* _Activity_
Could you transcribe exactly the lines from the one containing "16707 & 16709" through the end of the listing below, both included, but none of the pictures?

* _The data_
- - -

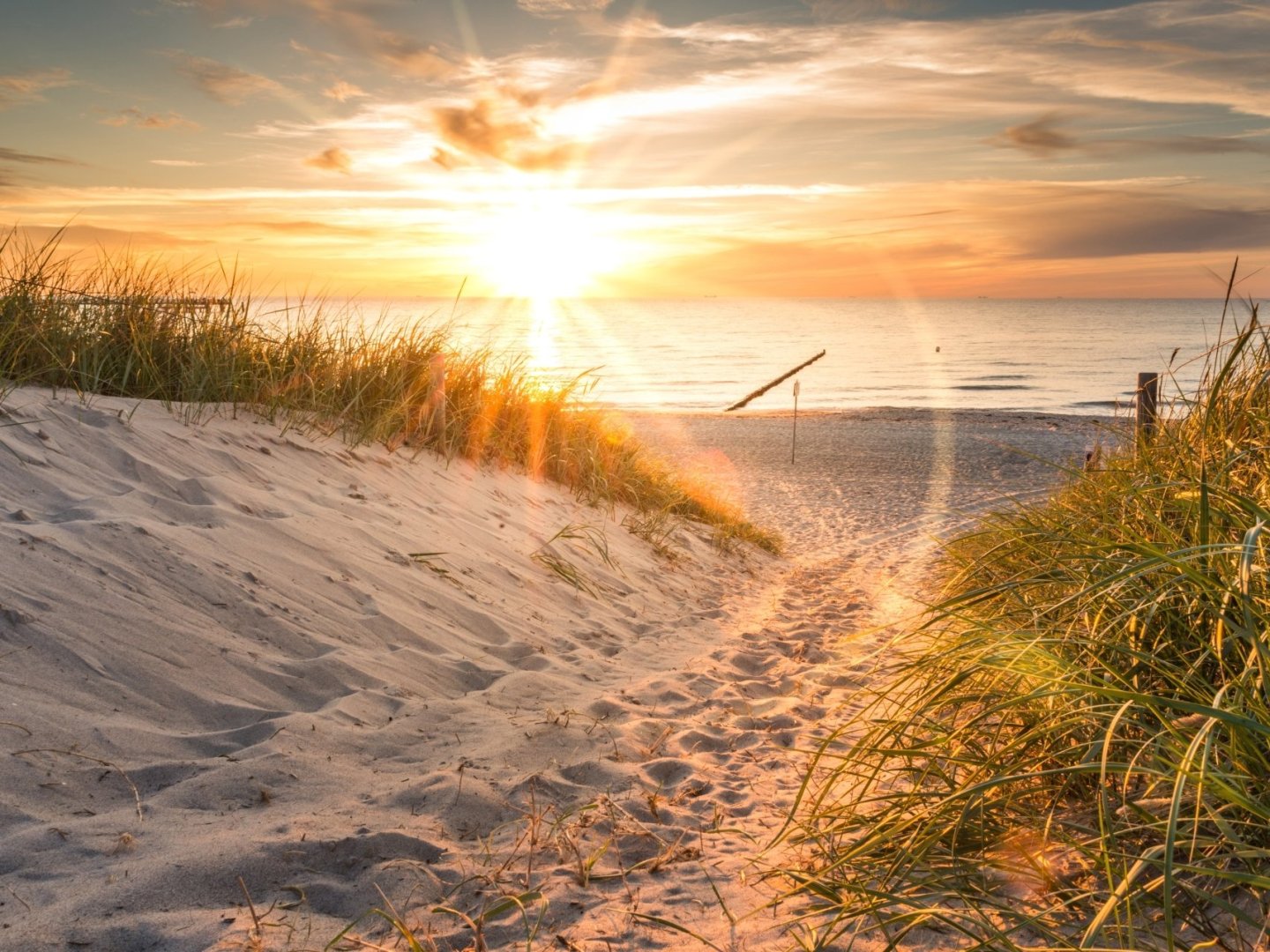 8 Tage Ostseeurlaub in Graal-Müritz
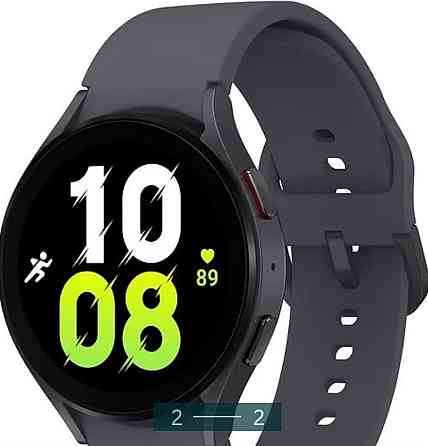 Часы: Smart Watch 5 44mm. Київ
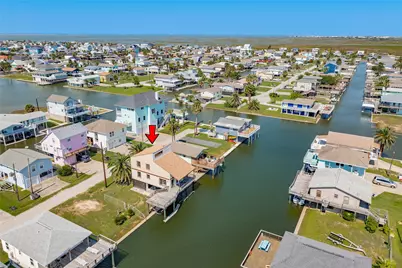 16707 & 16709 Kingston Way, Jamaica Beach, TX 77554 - Photo 4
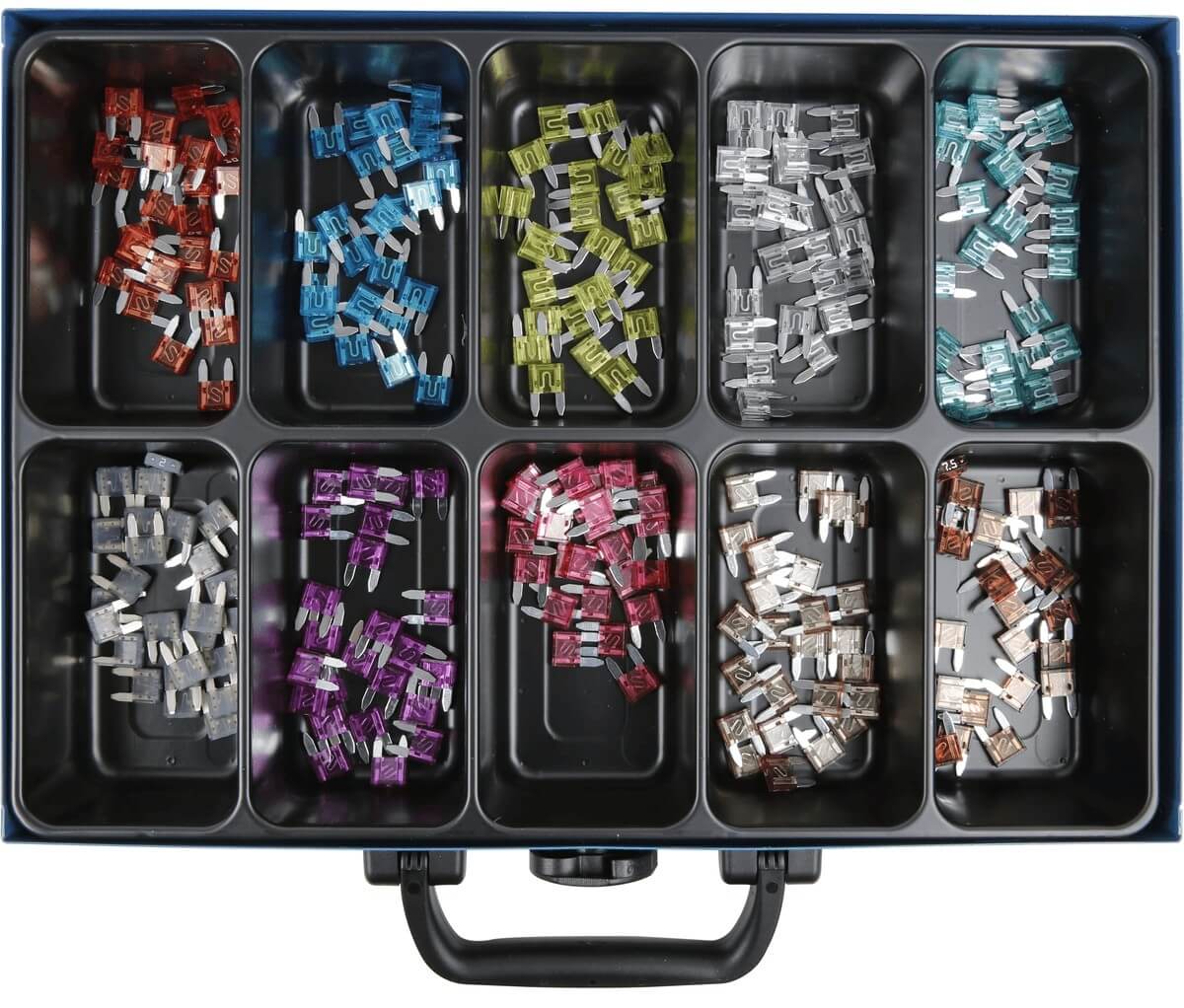 Sulakelajitelma Mini (100 kpl), Förch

- - -

* _Output for this task_
 16707 & 16709 Kingston Way, Jamaica Beach, TX 77554 - Photo 4
 Sulakelajitelma Mini (100 kpl), Förch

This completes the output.